En silencio envuelvo la taza de café con mis manos y las dejo calentarse un par de segundos.

– ¿Y tus padres, están bien? ¿Siguen volando cuchillos en tu casa o ya sólo fingís no conoceros? –bromea jocosa.

– Están bien –contesto–, bien pesados, como siempre.

Lauren suelta una carcajada que es música para mis oídos y sacude la cabeza con ese gesto que sabe que me molesta tanto.

– Qué edad más mala –comenta en un suspiro sacando la cucharilla del café y dejándola a un lado.

Y yo pico el anzuelo.

– Tengo diecinueve años. Ya no estoy en la edad del pavo. Y además... ¿De qué te ríes?

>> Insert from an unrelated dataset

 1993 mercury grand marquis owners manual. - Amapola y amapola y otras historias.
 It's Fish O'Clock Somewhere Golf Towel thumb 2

– De que te hagas la ofendida. La que no está en la edad del pavo soy yo. Aunque tampoco es que sea mucho mayor que tú –dice echándose el pelo hacia atrás en un forzado gesto presuntuoso.

– Te recuerdo que sé tu edad, y me llevas veinte años –digo, y tengo que ignorar otra ligera punzada de dolor.

Ella se hace la indignada pero no aguanta mucho antes de reírse.

– Eso puede quedar entre nosotras.

Nos llevamos la taza a los labios casi al mismo tiempo y puedo ver de soslayo cómo se detiene a mitad de camino, dejándola suspendida en el aire y aspirando el aroma del café con los ojos cerrados.